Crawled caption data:
====

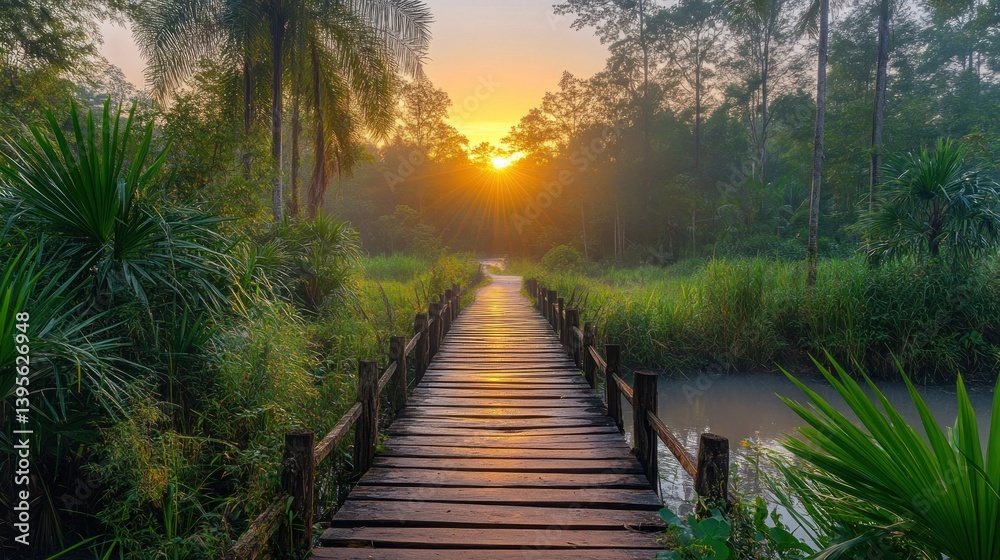 Fototapeta premium Sunrise path through a tranquil, lush forest. Wooden bridge over a serene waterway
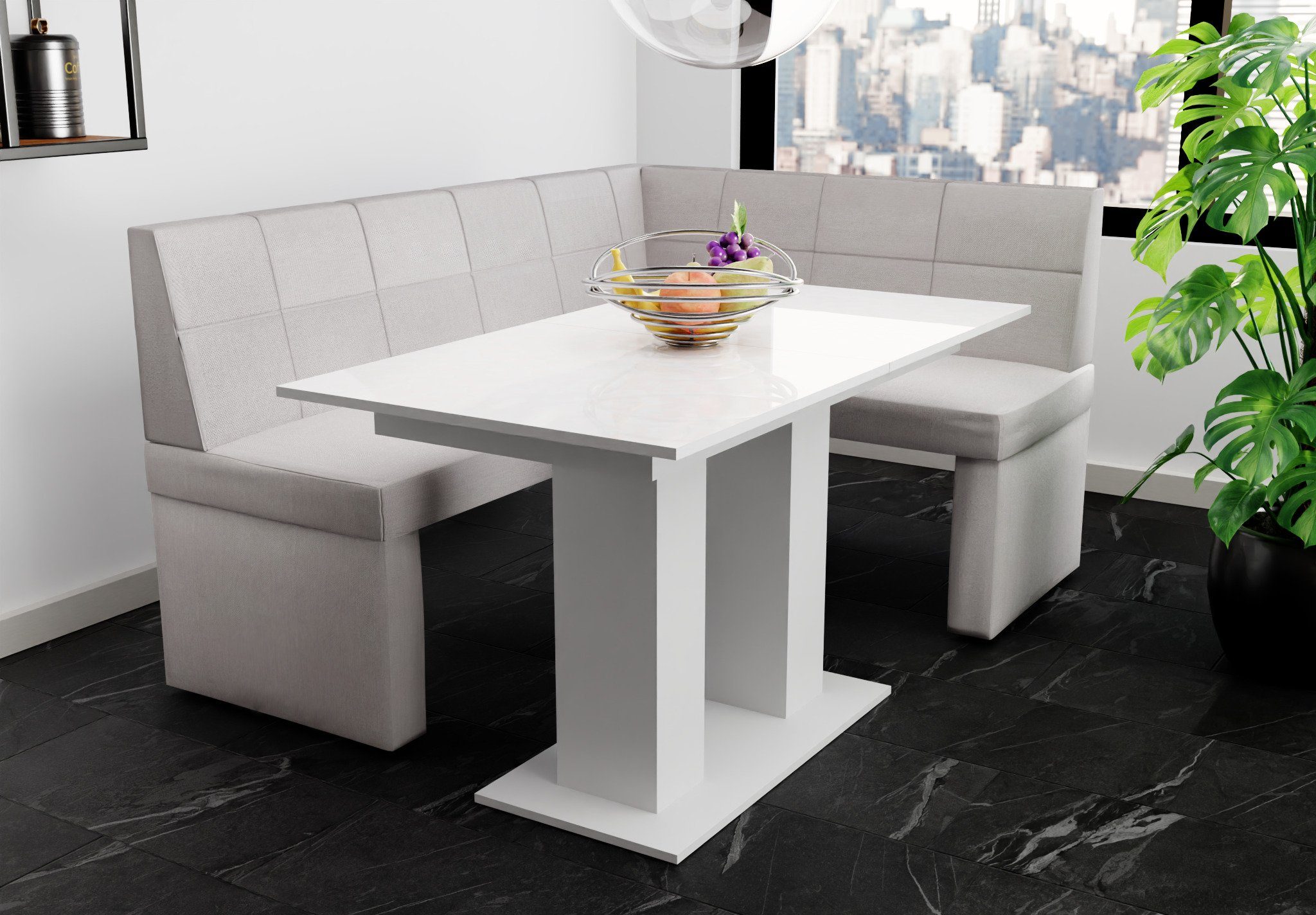 ausziehbarer Möbel Eckbankgruppe Tisch mit Hochglanz, „BLAKE XL“ Tisch Fun Weiß Eckbankgruppe 196x142cm Größe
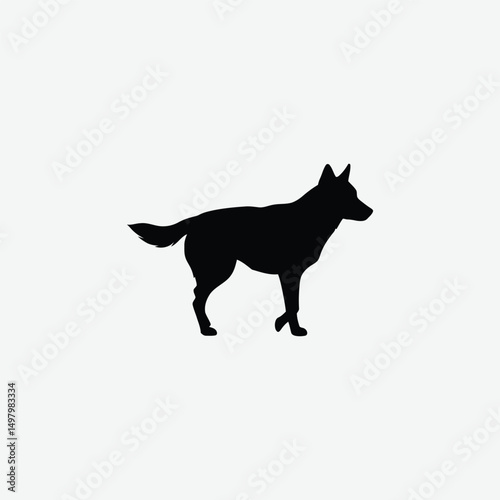 Minimalistic Black Dog Silhouette Walking on White Background – Clean Line Art for Modern Design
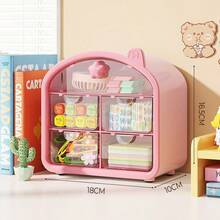 1pc Macaron Color Cat Ear Transparent Storage Box, Multi-Compartment Drawer Style, Desktop Organizer For Cosmetics, Hair Ties, Hair Clips And Miscellaneous Items - Multicolor - View 8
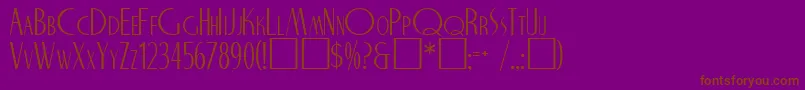 フォントNicholasRegular – 紫色の背景に茶色のフォント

====

What is expected:
Output only the lines that run from the line containing "1pc Macaron Color" to the last line of the data, exactly as they stand and without pictures.

Written solution:
 1pc Macaron Color Cat Ear Transparent Storage Box, Multi-Compartment Drawer Style, Desktop Organizer For Cosmetics, Hair Ties, Hair Clips And Miscellaneous Items - Multicolor - View 8
 フォントNicholasRegular – 紫色の背景に茶色のフォント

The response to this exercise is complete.